AI could suffer the same fate.
Companies may want AI outcomes without changing the budgeting logic around the work. They may want innovation while measuring everyone by utilization. They may want experimentation while punishing the appearance of unused capacity. They may want new growth while treating every saved hour as a cost-reduction opportunity.
The danger is not that AI will fail. The danger is that it will work just well enough to reinforce the wrong habit.
A company might become faster at producing documents nobody needs. Faster at building features that do not matter. Faster at analyzing markets it will not enter. Faster at generating plans that still avoid the hardest uncertainty. The dashboard will show productivity gains, but the business may not become more adaptive.

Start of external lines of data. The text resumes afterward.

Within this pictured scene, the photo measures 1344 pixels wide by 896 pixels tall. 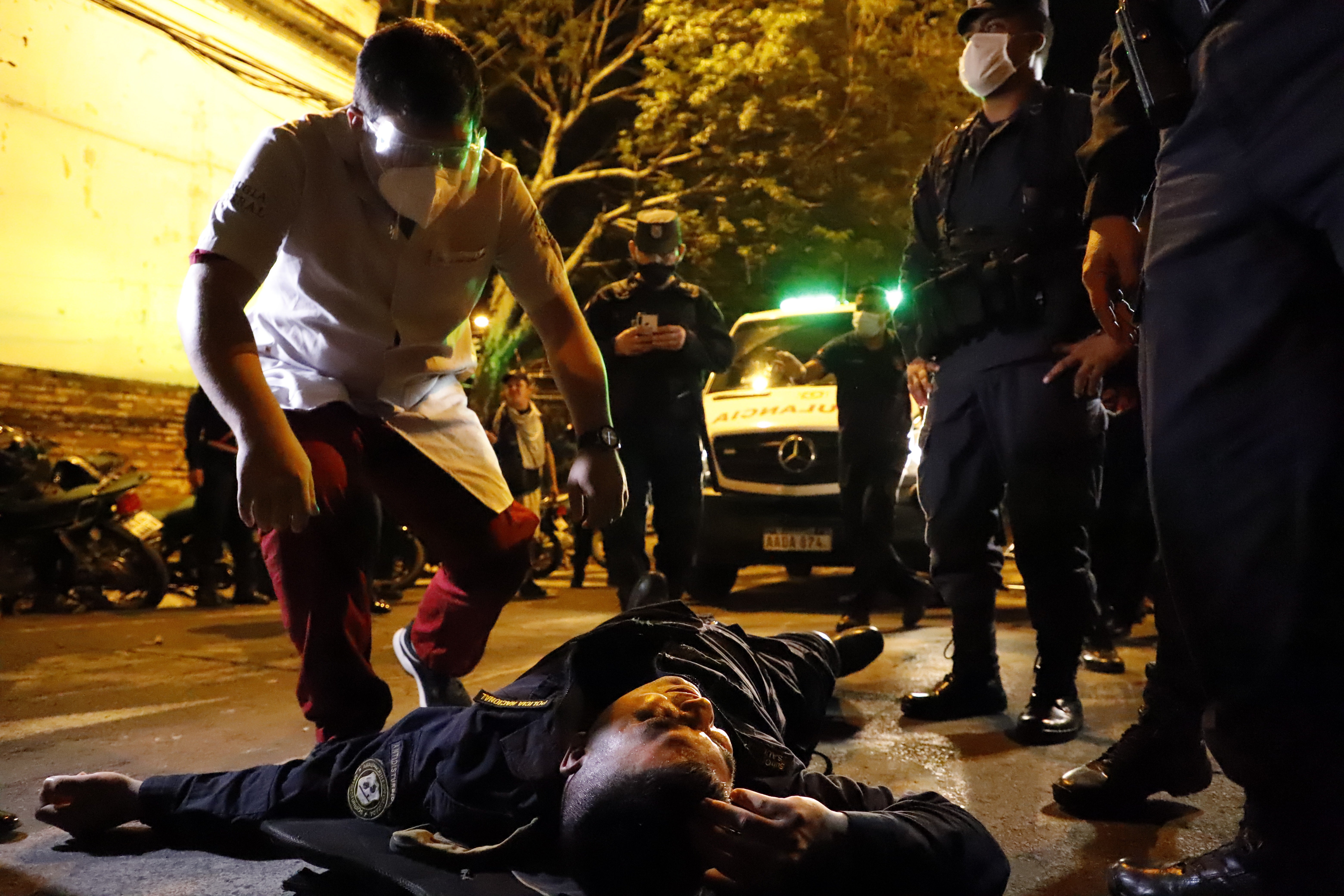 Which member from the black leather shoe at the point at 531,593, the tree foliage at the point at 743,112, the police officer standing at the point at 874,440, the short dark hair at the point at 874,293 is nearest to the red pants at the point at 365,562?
the police officer standing at the point at 874,440

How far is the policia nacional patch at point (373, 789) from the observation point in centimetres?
197

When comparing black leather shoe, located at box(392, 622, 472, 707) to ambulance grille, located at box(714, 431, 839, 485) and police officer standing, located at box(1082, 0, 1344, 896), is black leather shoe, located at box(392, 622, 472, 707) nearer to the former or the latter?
police officer standing, located at box(1082, 0, 1344, 896)

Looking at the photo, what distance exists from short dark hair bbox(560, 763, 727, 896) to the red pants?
98 cm

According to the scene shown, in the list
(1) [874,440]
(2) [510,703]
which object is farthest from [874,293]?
(2) [510,703]

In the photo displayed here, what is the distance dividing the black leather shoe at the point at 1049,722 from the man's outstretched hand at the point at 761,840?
1.64 m

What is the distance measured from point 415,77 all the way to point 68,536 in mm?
5979

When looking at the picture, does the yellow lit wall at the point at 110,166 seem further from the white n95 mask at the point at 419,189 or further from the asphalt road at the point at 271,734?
the white n95 mask at the point at 419,189

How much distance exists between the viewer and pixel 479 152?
97.0 inches

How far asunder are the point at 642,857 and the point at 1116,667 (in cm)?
339

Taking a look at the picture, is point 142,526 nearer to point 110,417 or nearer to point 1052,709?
point 110,417

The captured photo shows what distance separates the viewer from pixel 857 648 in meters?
3.31

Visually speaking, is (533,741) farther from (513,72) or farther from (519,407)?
(513,72)

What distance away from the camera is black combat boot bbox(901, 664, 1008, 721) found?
3.33 meters

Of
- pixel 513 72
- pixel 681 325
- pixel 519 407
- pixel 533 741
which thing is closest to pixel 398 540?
pixel 519 407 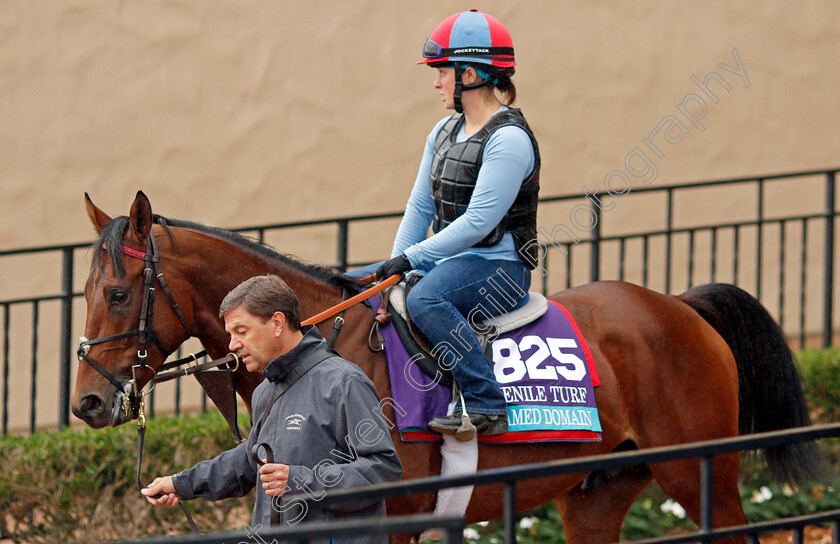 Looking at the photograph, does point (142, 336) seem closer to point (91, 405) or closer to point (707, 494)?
point (91, 405)

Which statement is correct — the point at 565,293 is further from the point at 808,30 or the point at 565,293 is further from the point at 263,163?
the point at 808,30

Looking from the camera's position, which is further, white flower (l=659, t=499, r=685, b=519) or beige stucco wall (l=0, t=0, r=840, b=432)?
beige stucco wall (l=0, t=0, r=840, b=432)

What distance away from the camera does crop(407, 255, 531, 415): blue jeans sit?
156 inches

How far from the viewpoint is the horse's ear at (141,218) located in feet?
12.5

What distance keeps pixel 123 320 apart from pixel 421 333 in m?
1.09

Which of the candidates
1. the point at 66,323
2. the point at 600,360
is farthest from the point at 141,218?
the point at 66,323

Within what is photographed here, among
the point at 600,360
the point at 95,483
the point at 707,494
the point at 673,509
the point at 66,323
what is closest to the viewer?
the point at 707,494

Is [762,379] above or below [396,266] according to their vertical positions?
below

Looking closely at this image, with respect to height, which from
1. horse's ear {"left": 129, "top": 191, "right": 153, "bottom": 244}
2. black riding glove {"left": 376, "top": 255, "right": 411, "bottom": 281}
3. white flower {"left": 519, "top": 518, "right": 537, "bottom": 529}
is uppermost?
horse's ear {"left": 129, "top": 191, "right": 153, "bottom": 244}

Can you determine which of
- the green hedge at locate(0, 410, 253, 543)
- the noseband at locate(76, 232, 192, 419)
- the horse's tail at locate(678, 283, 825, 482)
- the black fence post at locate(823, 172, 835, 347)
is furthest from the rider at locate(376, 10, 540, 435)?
the black fence post at locate(823, 172, 835, 347)

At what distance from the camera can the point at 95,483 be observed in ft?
18.0

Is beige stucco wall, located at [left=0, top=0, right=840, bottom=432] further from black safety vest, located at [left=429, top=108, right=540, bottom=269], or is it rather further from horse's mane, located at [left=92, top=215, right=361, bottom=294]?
black safety vest, located at [left=429, top=108, right=540, bottom=269]

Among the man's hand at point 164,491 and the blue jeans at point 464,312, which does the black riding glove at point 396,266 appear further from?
the man's hand at point 164,491

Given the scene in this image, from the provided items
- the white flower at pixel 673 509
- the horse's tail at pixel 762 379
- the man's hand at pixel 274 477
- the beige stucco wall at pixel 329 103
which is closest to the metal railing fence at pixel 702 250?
the beige stucco wall at pixel 329 103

That is the second-order problem. Once AI makes output cheaper, output becomes a worse signal. More drafts, more tickets, more research summaries, more prototypes, and more strategy documents may say less than they used to. The scarce thing becomes the ability to choose, learn, and change direction based on what is learned.
So the practical test is simple: when AI saves time, where does the time go? If it only disappears into more productivity metrics, the company is probably using AI as a cost tool. If some of that time gets deliberately reinvested into customer learning, product discovery, system improvement, technical quality, or new revenue exploration, then AI has a chance to become something more strategic.
This does not mean every AI gain should become exploration. Companies still need discipline. They still need operating leverage. They still need to stop funding vague experiments that never meet reality. Throughput is not an excuse for wandering.
But if every AI conversation has to justify itself through cost reduction, the company may never see the larger opportunity. It will ask the tool to make the existing machine cheaper instead of asking whether the machine is pointed at the right opportunity.
That is the part I keep coming back to. AI may not tell us which companies are technologically advanced. It may tell us which companies have a management system capable of learning. The ones that treat saved time only as saved cost will get efficiency. The ones that can turn saved time into better exploration may find something more valuable.